**Your assignment**: Exact copies of the lines below, from the one with "A modern surgical" up to and including the one with "FRENCH 12 LIGHT", are what this calls for; leave out pictures.
┏━━
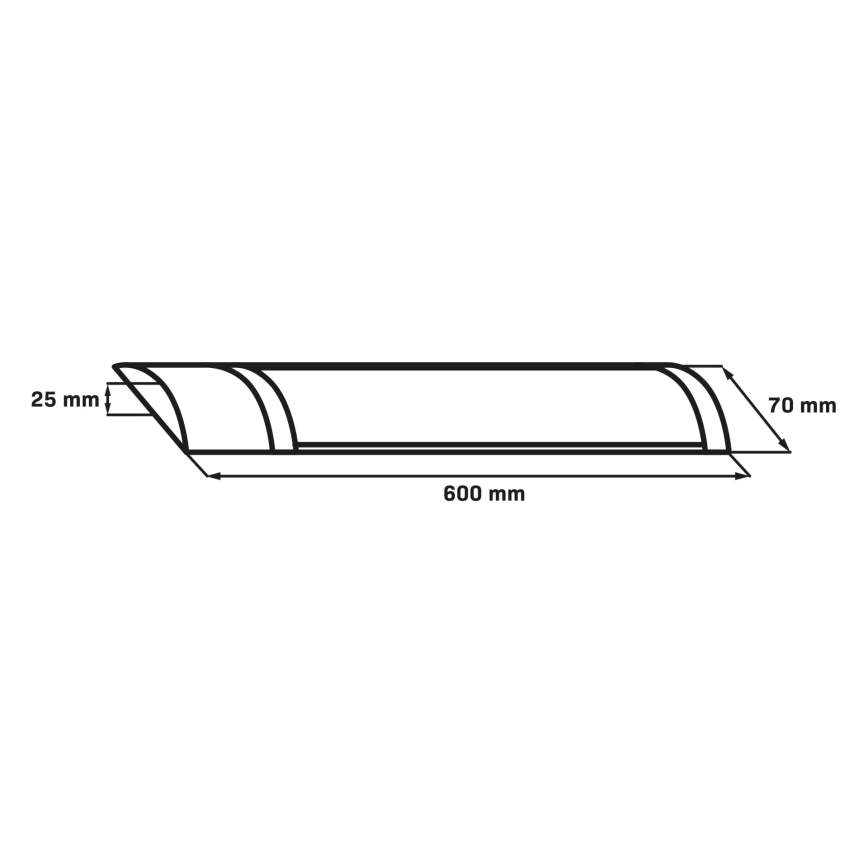 Luminaria tipo fluorescente LED/18W/230V 4000K 60 cm negra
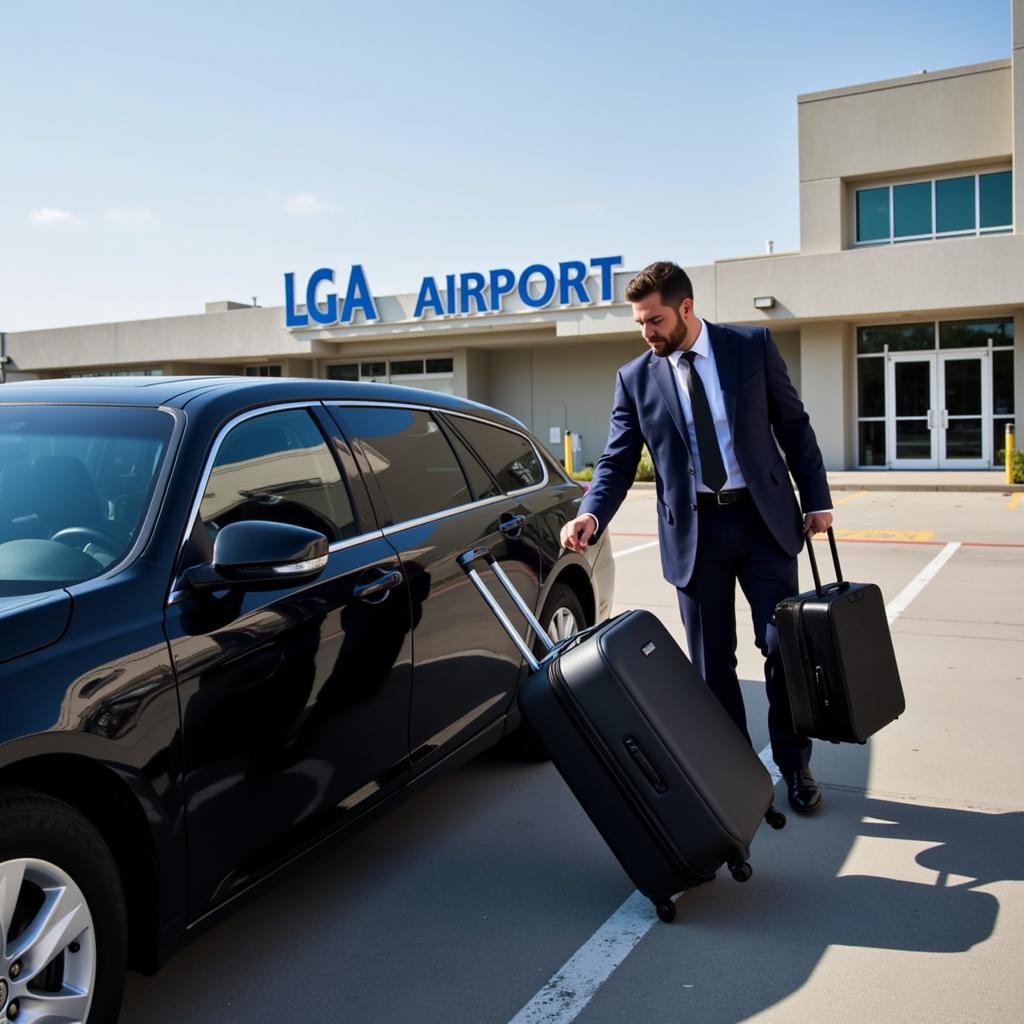 Professional chauffeur greeting a passenger at LGA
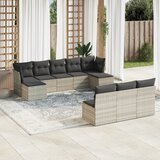 vidaXL 10-dijelni set vrtnih sofa poliratan s jastucima svijetlosivi | shoptok.hr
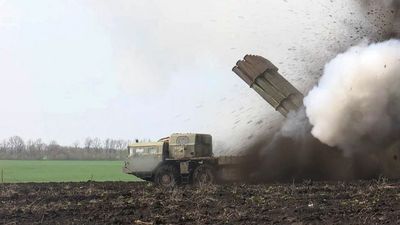 VIDEO: Russia Launches Flurry Of Missiles At Ukrainian Airfield With BM-30 Smerch Rocket Launcher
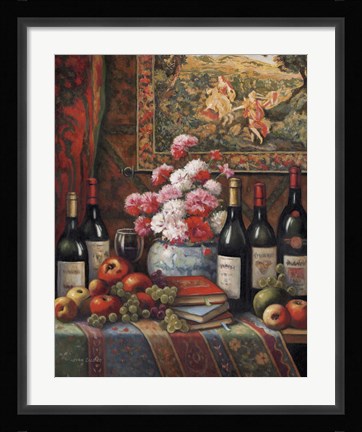 Framed Wine And Floral IV Print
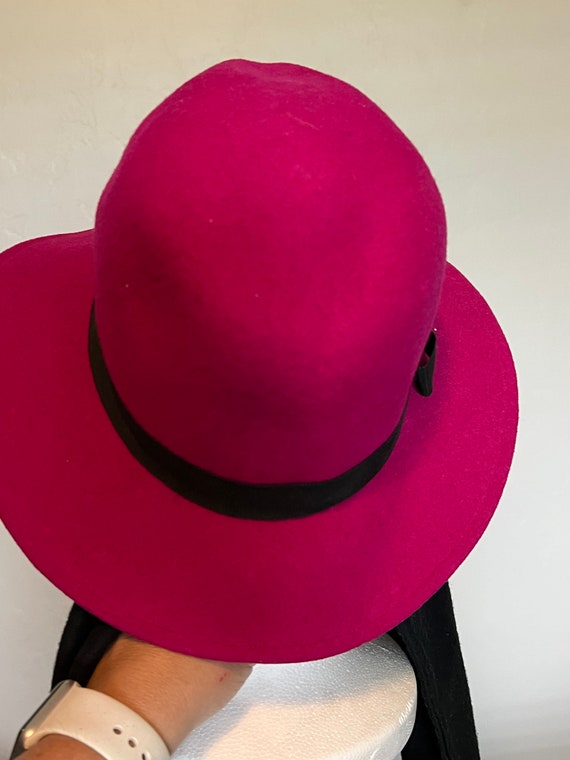 Pink and Black 1980s Lancaster Wool Vintage Hat w… - image 5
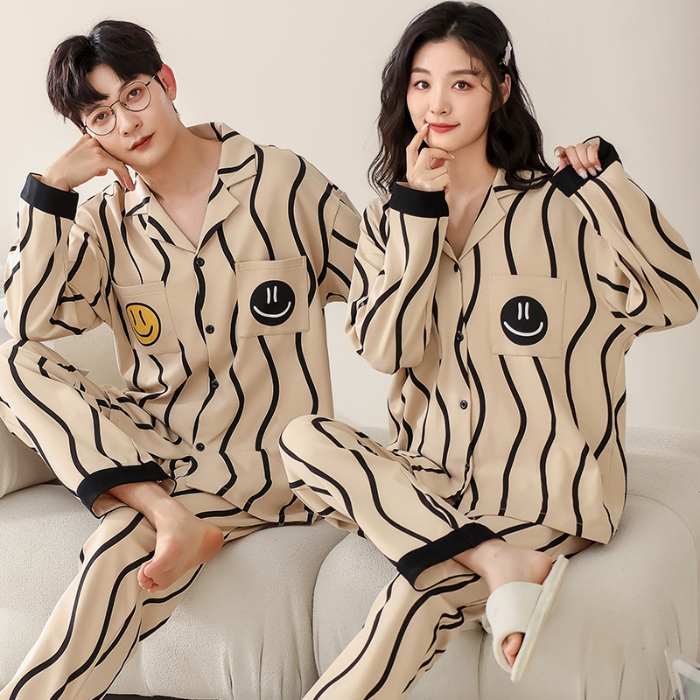 91家纺网 家纺一手货源 找家纺 洛兰沙 春秋季纯棉开衫长袖可外穿家居服情侣套装 715男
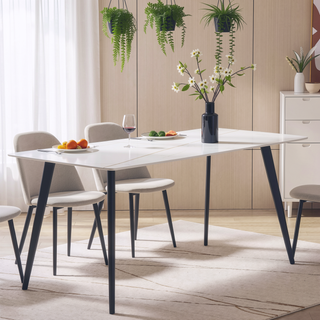 Sunvega 70 inch White Porcelain Kitchen Dining Table for 4-8 People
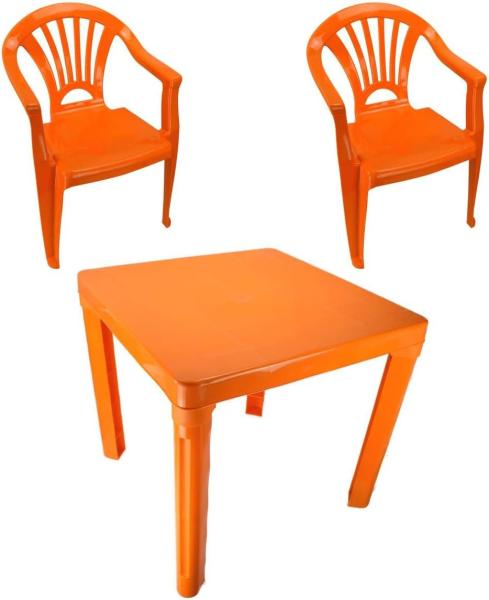 Kinder Spieltisch mit 2 Stühle in blau, grün, orange oder pink Gartensitzgruppe orange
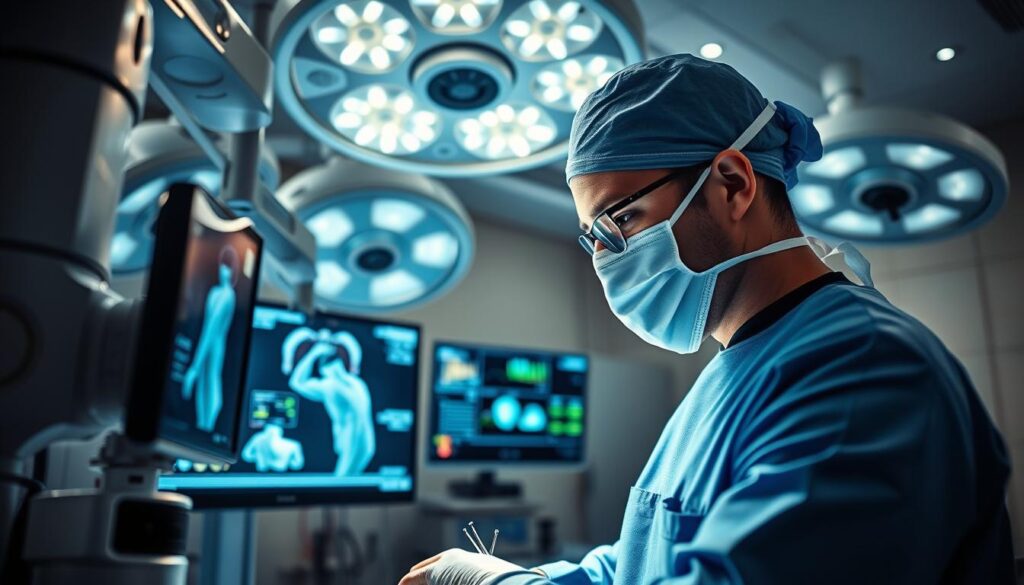 A modern surgical operating room showcasing advanced surgical techniques in action. In the foreground, a skilled surgeon in professional attire, focused intently on a high-tech robotic surgical system, utilizing precision instruments to perform a minimally invasive procedure. The middle ground features a state-of-the-art display showing real-time imaging and analytics, emphasizing cutting-edge technology in surgery. The background highlights bright overhead surgical lights and sterile equipment arranged neatly, creating a clean and professional atmosphere. The scene is well-lit, with soft shadows enhancing the depth, captured from a dynamic angle that emphasizes the interaction between the surgeon and technology. The overall mood is one of innovation, precision, and professionalism in modern medicine.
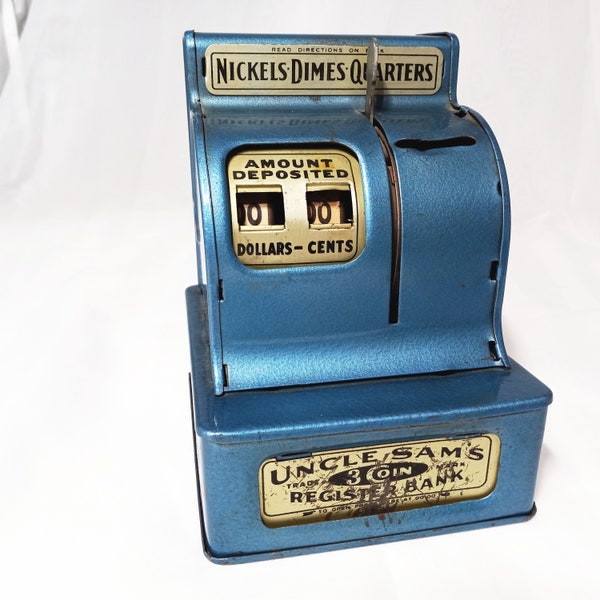 Uncle Sam's Metal Cash Register Bank, Vintage 1950s - Blue Metal Bank Made by Durable Toy and Novelty Corp, NJ - 3 Coin Locking Bank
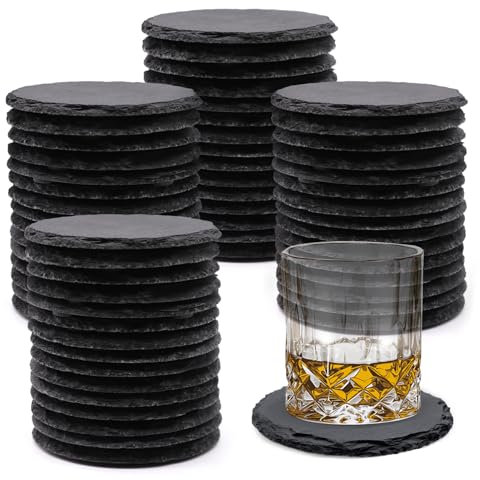 VIBRATITE 60 Stück Schiefer Untersetzer, 10,2 cm Schwarzer Schieferstein Getränkeuntersetzer Glasuntersetzer mit Anti-Kratz-Boden für Lasergravierte, Kaffee, Bar, Küche, Heimdekoration, Rund
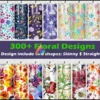 300+ Floral tumbler designs svg, png, eps, dxf for cricut and print including two shape skinny and straight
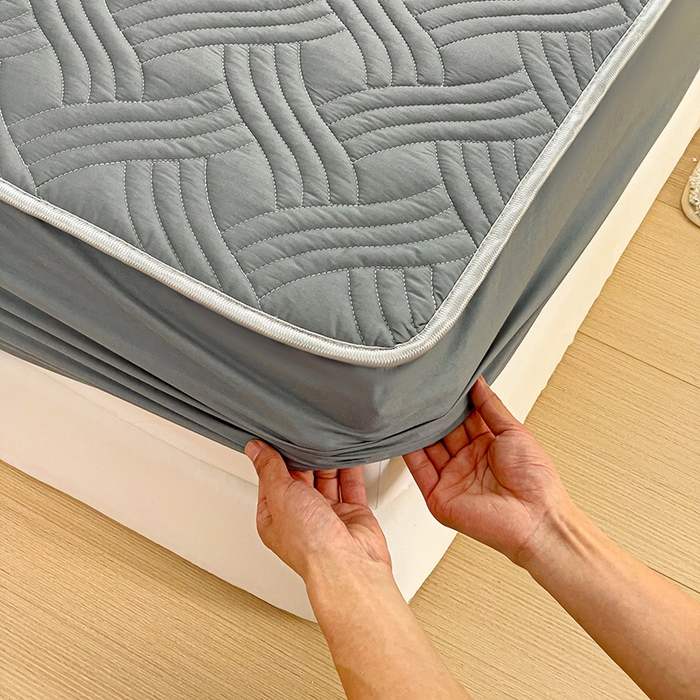 91家纺网 家纺一手货源 找家纺 富馨莱 2025新款纯棉夹棉单件床笠 纯色-灰色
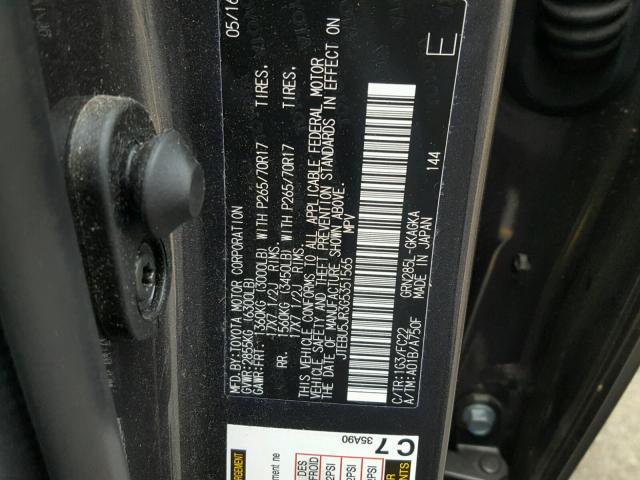 JTEBU5JR3G5351565 - 2016 TOYOTA 4RUNNER SR GRAY photo 10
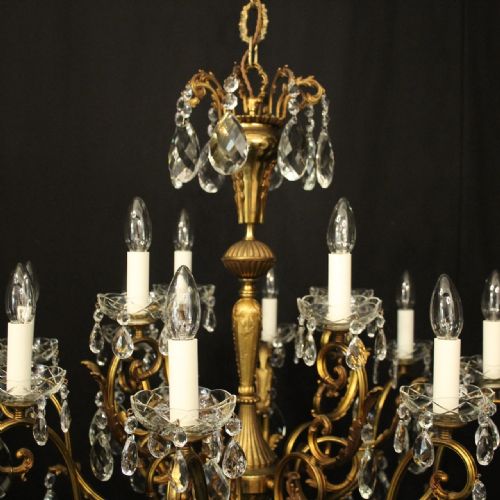 FRENCH 12 LIGHT GILDED BRASS CRYSTAL ANTIQUE CHANDELIER - ADDITIONAL PHOTO 7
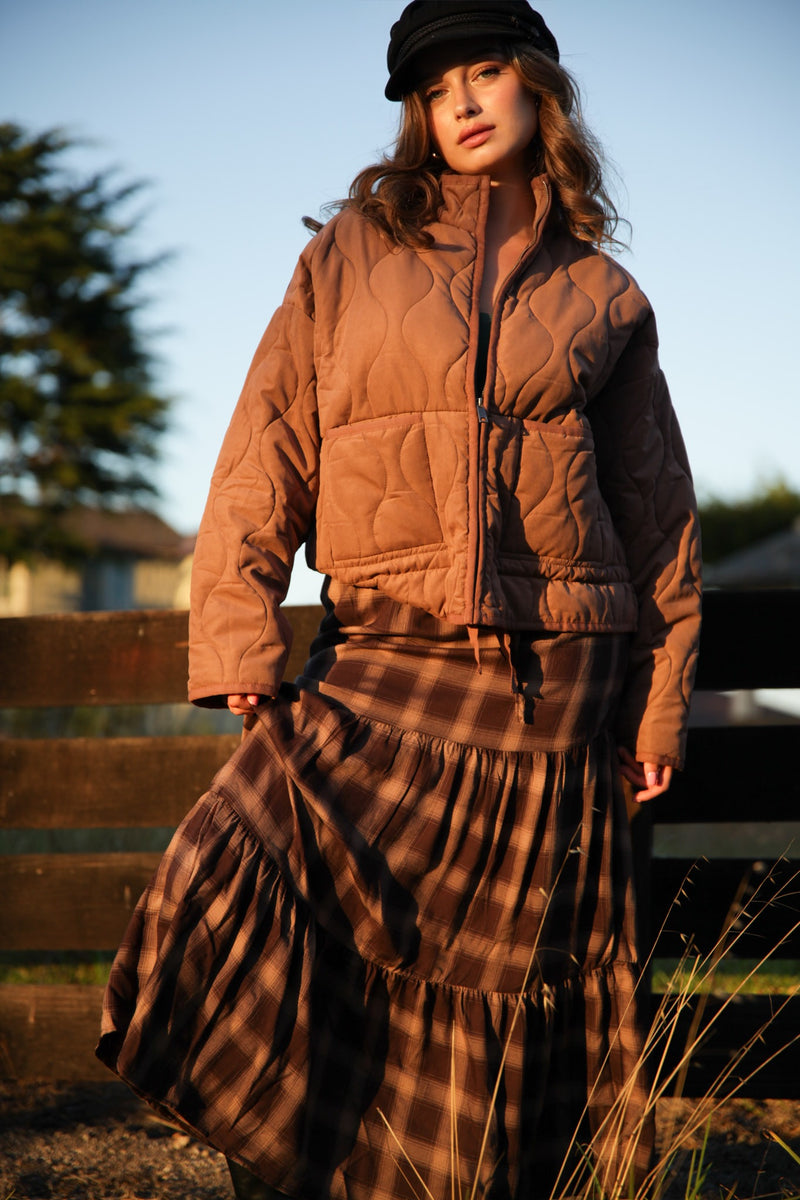 Keep It Cozy Quilted Zip Up Jacket- Chestnut
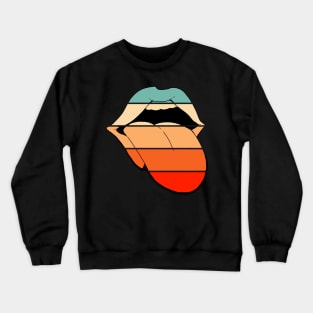 Retro Vintage Lips Sticking Out Tongue Print Crewneck Sweatshirt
┗━━
**Exercise result**:
 A modern surgical operating room showcasing advanced surgical techniques in action. In the foreground, a skilled surgeon in professional attire, focused intently on a high-tech robotic surgical system, utilizing precision instruments to perform a minimally invasive procedure. The middle ground features a state-of-the-art display showing real-time imaging and analytics, emphasizing cutting-edge technology in surgery. The background highlights bright overhead surgical lights and sterile equipment arranged neatly, creating a clean and professional atmosphere. The scene is well-lit, with soft shadows enhancing the depth, captured from a dynamic angle that emphasizes the interaction between the surgeon and technology. The overall mood is one of innovation, precision, and professionalism in modern medicine.
 Uncle Sam's Metal Cash Register Bank, Vintage 1950s - Blue Metal Bank Made by Durable Toy and Novelty Corp, NJ - 3 Coin Locking Bank
 VIBRATITE 60 Stück Schiefer Untersetzer, 10,2 cm Schwarzer Schieferstein Getränkeuntersetzer Glasuntersetzer mit Anti-Kratz-Boden für Lasergravierte, Kaffee, Bar, Küche, Heimdekoration, Rund
 300+ Floral tumbler designs svg, png, eps, dxf for cricut and print including two shape skinny and straight
 91家纺网 家纺一手货源 找家纺 富馨莱 2025新款纯棉夹棉单件床笠 纯色-灰色
 JTEBU5JR3G5351565 - 2016 TOYOTA 4RUNNER SR GRAY photo 10
 FRENCH 12 LIGHT GILDED BRASS CRYSTAL ANTIQUE CHANDELIER - ADDITIONAL PHOTO 7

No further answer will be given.